*TASK*
Return each line of the data that follows exactly as it reads.

Collected data entries:
---+---
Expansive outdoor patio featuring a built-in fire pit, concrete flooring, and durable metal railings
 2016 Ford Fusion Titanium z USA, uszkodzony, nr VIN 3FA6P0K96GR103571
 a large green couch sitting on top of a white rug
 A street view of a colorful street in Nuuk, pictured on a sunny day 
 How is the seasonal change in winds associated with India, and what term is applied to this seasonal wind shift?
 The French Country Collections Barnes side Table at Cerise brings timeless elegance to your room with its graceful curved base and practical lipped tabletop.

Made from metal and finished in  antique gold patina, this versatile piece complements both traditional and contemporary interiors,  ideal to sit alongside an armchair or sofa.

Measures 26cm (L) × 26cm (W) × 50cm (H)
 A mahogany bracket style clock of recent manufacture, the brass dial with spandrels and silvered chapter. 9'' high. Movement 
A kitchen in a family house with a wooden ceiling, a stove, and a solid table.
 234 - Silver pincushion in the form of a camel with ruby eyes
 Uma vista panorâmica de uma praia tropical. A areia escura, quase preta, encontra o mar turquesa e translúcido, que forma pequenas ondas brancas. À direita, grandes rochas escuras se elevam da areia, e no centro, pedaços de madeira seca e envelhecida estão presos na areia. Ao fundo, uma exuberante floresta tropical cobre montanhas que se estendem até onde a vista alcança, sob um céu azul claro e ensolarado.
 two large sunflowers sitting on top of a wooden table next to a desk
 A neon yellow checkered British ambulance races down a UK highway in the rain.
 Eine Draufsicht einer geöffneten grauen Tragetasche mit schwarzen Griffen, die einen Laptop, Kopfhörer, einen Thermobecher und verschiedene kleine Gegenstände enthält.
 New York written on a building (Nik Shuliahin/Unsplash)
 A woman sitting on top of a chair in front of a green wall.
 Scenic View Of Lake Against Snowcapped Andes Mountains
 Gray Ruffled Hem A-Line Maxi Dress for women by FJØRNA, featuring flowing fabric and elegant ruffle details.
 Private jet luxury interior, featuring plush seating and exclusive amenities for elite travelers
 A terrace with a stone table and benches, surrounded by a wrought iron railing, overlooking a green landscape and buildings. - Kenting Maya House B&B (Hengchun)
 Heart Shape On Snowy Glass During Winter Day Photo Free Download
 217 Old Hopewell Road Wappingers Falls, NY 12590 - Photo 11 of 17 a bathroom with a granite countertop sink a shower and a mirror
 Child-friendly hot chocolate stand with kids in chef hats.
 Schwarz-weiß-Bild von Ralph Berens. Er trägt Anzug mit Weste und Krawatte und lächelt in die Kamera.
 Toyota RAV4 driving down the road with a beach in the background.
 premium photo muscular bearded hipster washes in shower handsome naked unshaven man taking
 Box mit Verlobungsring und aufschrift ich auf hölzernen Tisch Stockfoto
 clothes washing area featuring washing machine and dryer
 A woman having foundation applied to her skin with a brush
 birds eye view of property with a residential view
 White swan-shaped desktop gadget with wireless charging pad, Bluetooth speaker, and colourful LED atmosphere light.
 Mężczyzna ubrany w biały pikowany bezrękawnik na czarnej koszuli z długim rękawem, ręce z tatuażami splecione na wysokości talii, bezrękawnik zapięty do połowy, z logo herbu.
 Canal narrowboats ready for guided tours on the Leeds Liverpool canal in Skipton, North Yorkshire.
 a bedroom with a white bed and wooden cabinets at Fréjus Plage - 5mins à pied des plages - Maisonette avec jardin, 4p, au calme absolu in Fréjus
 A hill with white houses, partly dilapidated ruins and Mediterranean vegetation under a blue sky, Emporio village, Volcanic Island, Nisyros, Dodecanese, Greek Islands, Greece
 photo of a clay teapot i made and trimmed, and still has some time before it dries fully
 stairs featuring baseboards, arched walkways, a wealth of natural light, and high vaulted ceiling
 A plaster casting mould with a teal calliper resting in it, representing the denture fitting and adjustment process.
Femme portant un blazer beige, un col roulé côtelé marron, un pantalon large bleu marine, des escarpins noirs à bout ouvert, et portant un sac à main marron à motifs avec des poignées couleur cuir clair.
---+---
*SOLUTION TO THIS TASK*
Expansive outdoor patio featuring a built-in fire pit, concrete flooring, and durable metal railings
 2016 Ford Fusion Titanium z USA, uszkodzony, nr VIN 3FA6P0K96GR103571
 a large green couch sitting on top of a white rug
 A street view of a colorful street in Nuuk, pictured on a sunny day 
 How is the seasonal change in winds associated with India, and what term is applied to this seasonal wind shift?
 The French Country Collections Barnes side Table at Cerise brings timeless elegance to your room with its graceful curved base and practical lipped tabletop.

Made from metal and finished in  antique gold patina, this versatile piece complements both traditional and contemporary interiors,  ideal to sit alongside an armchair or sofa.

Measures 26cm (L) × 26cm (W) × 50cm (H)
 A mahogany bracket style clock of recent manufacture, the brass dial with spandrels and silvered chapter. 9'' high. Movement 
A kitchen in a family house with a wooden ceiling, a stove, and a solid table.
 234 - Silver pincushion in the form of a camel with ruby eyes
 Uma vista panorâmica de uma praia tropical. A areia escura, quase preta, encontra o mar turquesa e translúcido, que forma pequenas ondas brancas. À direita, grandes rochas escuras se elevam da areia, e no centro, pedaços de madeira seca e envelhecida estão presos na areia. Ao fundo, uma exuberante floresta tropical cobre montanhas que se estendem até onde a vista alcança, sob um céu azul claro e ensolarado.
 two large sunflowers sitting on top of a wooden table next to a desk
 A neon yellow checkered British ambulance races down a UK highway in the rain.
 Eine Draufsicht einer geöffneten grauen Tragetasche mit schwarzen Griffen, die einen Laptop, Kopfhörer, einen Thermobecher und verschiedene kleine Gegenstände enthält.
 New York written on a building (Nik Shuliahin/Unsplash)
 A woman sitting on top of a chair in front of a green wall.
 Scenic View Of Lake Against Snowcapped Andes Mountains
 Gray Ruffled Hem A-Line Maxi Dress for women by FJØRNA, featuring flowing fabric and elegant ruffle details.
 Private jet luxury interior, featuring plush seating and exclusive amenities for elite travelers
 A terrace with a stone table and benches, surrounded by a wrought iron railing, overlooking a green landscape and buildings. - Kenting Maya House B&B (Hengchun)
 Heart Shape On Snowy Glass During Winter Day Photo Free Download
 217 Old Hopewell Road Wappingers Falls, NY 12590 - Photo 11 of 17 a bathroom with a granite countertop sink a shower and a mirror
 Child-friendly hot chocolate stand with kids in chef hats.
 Schwarz-weiß-Bild von Ralph Berens. Er trägt Anzug mit Weste und Krawatte und lächelt in die Kamera.
 Toyota RAV4 driving down the road with a beach in the background.
 premium photo muscular bearded hipster washes in shower handsome naked unshaven man taking
 Box mit Verlobungsring und aufschrift ich auf hölzernen Tisch Stockfoto
 clothes washing area featuring washing machine and dryer
 A woman having foundation applied to her skin with a brush
 birds eye view of property with a residential view
 White swan-shaped desktop gadget with wireless charging pad, Bluetooth speaker, and colourful LED atmosphere light.
 Mężczyzna ubrany w biały pikowany bezrękawnik na czarnej koszuli z długim rękawem, ręce z tatuażami splecione na wysokości talii, bezrękawnik zapięty do połowy, z logo herbu.
 Canal narrowboats ready for guided tours on the Leeds Liverpool canal in Skipton, North Yorkshire.
 a bedroom with a white bed and wooden cabinets at Fréjus Plage - 5mins à pied des plages - Maisonette avec jardin, 4p, au calme absolu in Fréjus
 A hill with white houses, partly dilapidated ruins and Mediterranean vegetation under a blue sky, Emporio village, Volcanic Island, Nisyros, Dodecanese, Greek Islands, Greece
 photo of a clay teapot i made and trimmed, and still has some time before it dries fully
 stairs featuring baseboards, arched walkways, a wealth of natural light, and high vaulted ceiling
 A plaster casting mould with a teal calliper resting in it, representing the denture fitting and adjustment process.
Femme portant un blazer beige, un col roulé côtelé marron, un pantalon large bleu marine, des escarpins noirs à bout ouvert, et portant un sac à main marron à motifs avec des poignées couleur cuir clair.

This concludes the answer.